I’m 43, divorced three years, and have been dating a younger man, 32, for the past two years.
I’m an executive in a successful company, he’s a tech whiz in a start-up. We have fun together, he’s smart, cool, and in some ways an “old soul.”
For example, he’s very thoughtful about being a “friend” to my son, who’s 13, without ever trying to act as a parent.
He’ll also easily change our plans to go out if my ex has a rare but sudden reason why he can’t have our son for a scheduled stay.
If it’s my weekend with my son at home, my “boyfriend” will come over to play sports and video games with him, and we’ll all watch an age-appropriate movie together.
Dating this younger man after my divorce, I didn’t move quickly into relationship mode. While we’ve been intimate, it wasn’t the driving element of our time together.
Also, I think I always knew this wasn’t going to last forever.
But I thought it’d be me who’d know when to gently end it.
Instead, he told me last week that he’s met someone whom he’s certain he wants to marry.
I was stunned. There’s been no hint or word of him dating someone else! We’re both busy with work so usually only saw each other on weekends and checked in with texts a couple of times during the week.

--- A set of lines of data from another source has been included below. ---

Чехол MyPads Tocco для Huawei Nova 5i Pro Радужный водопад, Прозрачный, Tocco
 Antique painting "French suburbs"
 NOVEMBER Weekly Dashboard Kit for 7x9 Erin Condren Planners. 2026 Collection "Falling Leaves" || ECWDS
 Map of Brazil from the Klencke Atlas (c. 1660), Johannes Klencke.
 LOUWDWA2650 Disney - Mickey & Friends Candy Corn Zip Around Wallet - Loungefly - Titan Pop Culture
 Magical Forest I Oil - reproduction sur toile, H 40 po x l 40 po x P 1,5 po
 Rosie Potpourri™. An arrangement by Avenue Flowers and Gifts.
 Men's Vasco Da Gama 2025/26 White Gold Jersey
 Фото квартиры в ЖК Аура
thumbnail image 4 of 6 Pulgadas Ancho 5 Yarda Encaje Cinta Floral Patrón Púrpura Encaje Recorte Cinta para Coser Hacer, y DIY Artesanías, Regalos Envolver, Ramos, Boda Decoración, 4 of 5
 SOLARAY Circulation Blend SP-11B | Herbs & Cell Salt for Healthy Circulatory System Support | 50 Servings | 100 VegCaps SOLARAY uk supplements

I’m struggling between feeling hurt that he just announced this, and understanding that it was inevitable.
He always said I was the best thing that ever happened to him, because I taught him to start seeing his life as a whole and not just in the moment.
Now, I’m wondering how to handle this sudden, abrupt change.
Do I exit the scene immediately? Or do I meet his girlfriend in the role of “close old friend?” How do I explain to my adolescent son that people can move right out of his life (especially since my ex is still a very involved father).
Or is there some better way to handle this? I really like this man a lot and want him to be happy!
You were both good for each other during a certain time period. But he’s ready, partly through your influence, to move into a different phase.
The fact that it’s not with you, is no insult or disrespect. Sure, he could’ve told you a while ago that he’d started seeing this other woman, but you didn’t have a formally committed relationship.
It was more of a loving friendship… deeper than friends with benefits, since it wasn’t mostly based on sex.
Be that strong friend he believes you are, and wish him well.
If he suggests your meeting his girlfriend, say that you’ll be happy to do so only when he’s sure that she’s interested in, and can handle, such a meeting.
You, too, can now move on with your life. The younger-man choice who adored and learned from you, was a safe haven after divorce.
There’s no need now to avoid dating more likely full-time partners. Just go slow, to be sure when it’s right.
Tell your son how lucky you both were to have had this great friend, who now needs to focus on maybe having his own kids one day.
And when he does, he’ll probably let you both know, and meet the child.
Your boy will be fine, since you and his father are very committed co-parents.
My son, 11, is switching to a different Middle School next year for a special program.
He’s a good boy but extremely quiet.
I’m worried about how to make sure he isn’t lost and friendless at the new school, e.g. organizing his after-school activities with his current “old” friends.
Also, since his old school is only one bus-ride away, he could join his current friends there for one or two lunch periods a week. Does this plan seem a good idea?
No, it has a hovering aspect that’s associated with so-called “helicopter parenting” in over-controlling and over-protecting a child’s experiences.
Helping him stay in touch with old friends, especially during his first semester, can be done with weekend plans.
But having lunch at the old school is overdoing it. He needs the time and place to find common ground with some new classmates. It won’t happen if he’s always hurrying away to catch the bus.
Tip of the day:
All meaningful relationships have a place/purpose in your life, including the briefer passages.